智広寺の住職を務める 橋本 至さん 佃野町在勤 36歳
「みんなのお寺」に
○…毎夏、寺で行っていた流しそうめん。約70人が集まる人気企画だったが、昨年からコロナ禍で開催できていない。その代替として、縁日を企画した。「中止にして何もやらないのは簡単だが、何かしたかった」。ヨーヨー釣りやスライム作りなど、子どもたちがわくわくするような内容が詰まっている。「大人の一年と子どもの一年は違う。少しでも夏を楽しんでもらえたら」
○…豊岡小に通い、寺にクラスメイトを呼んで遊んだ幼少期。前住職である父の背中を見て育ったが、初めから継ぐ気があったわけではなかった。大学卒業後、車関係の会社に就職。営業として働くも、「人間関係に悩んで。仏教だったらどう考えるのかと、興味を持った」。京都の学校で僧侶の資格を取得し、10年ほど前に鶴見に戻った。一昨年、半世紀に渡り寺を守り抜いた父から、住職の座を受け継いだ。「地域の方の中には、まだまだ父のファンが多い。息子だからと言って同じ人間ではない。頑張らないと」
○…8歳の娘と6歳の息子の父。「息子は力が強くなってきてパンチが本当に痛い。娘はお父さん子で」とはにかむ。鶴見区のパパサークル「つるPaPa」にも所属。宴席が好きで、情報共有がてらサークル仲間との飲み会や、法話会後の檀家さんとの交流が楽しみ。「わいわいした雰囲気が心地いい。今は自粛中だけど」と苦笑する。

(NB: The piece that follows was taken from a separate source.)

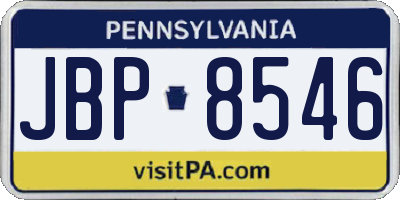PA license plate JBP8546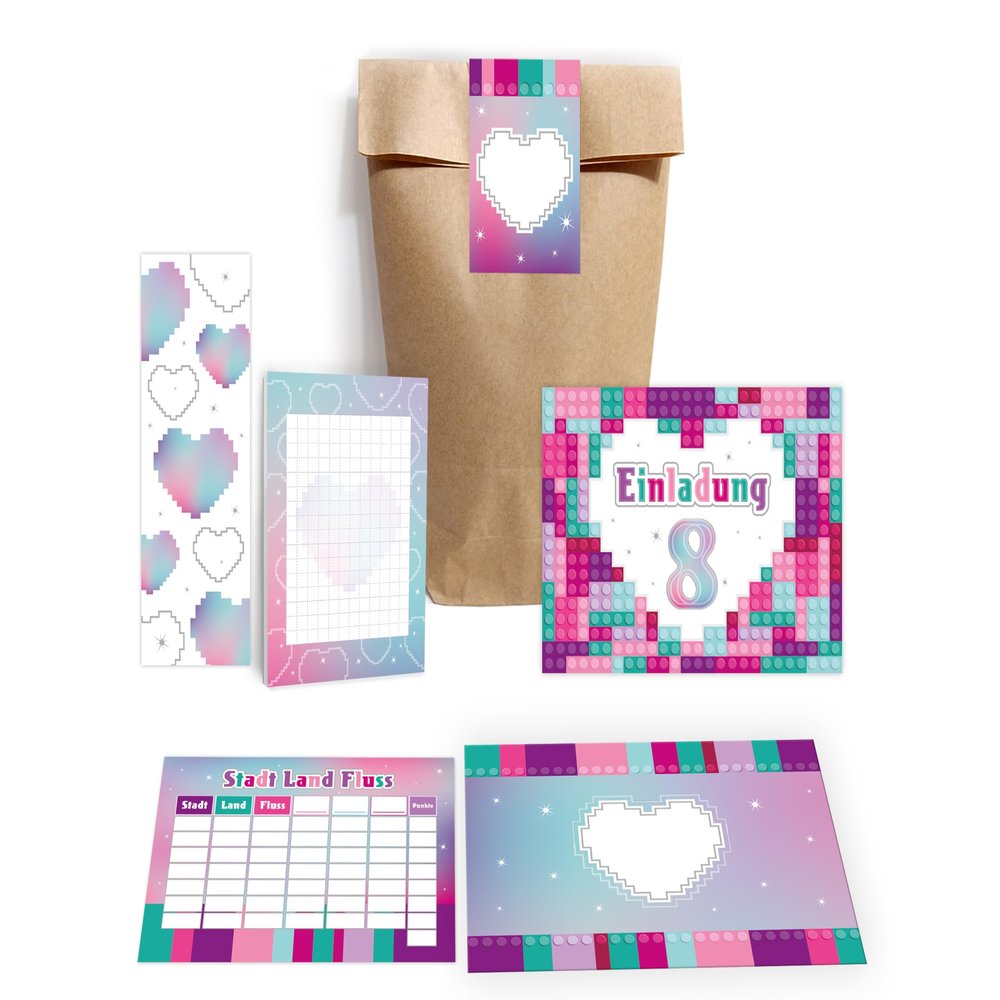 6 Invitations for an 8th Birthday Party – Building Blocks, Heart, Purple, Pink, Blue & Turquoise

○…「悩みながら生きている自分を許せるようになった」。自らも仏教から学んだ教え。しっかり伝えていくためにも、寺を気軽に来られる場所にしたいと願う。「お寺は仕切りが高いと思われがちだが、実際は誰かのものではなく、みんなのもの」。幼少期に見た原風景を今に合わせ、開かれた寺を作っていく。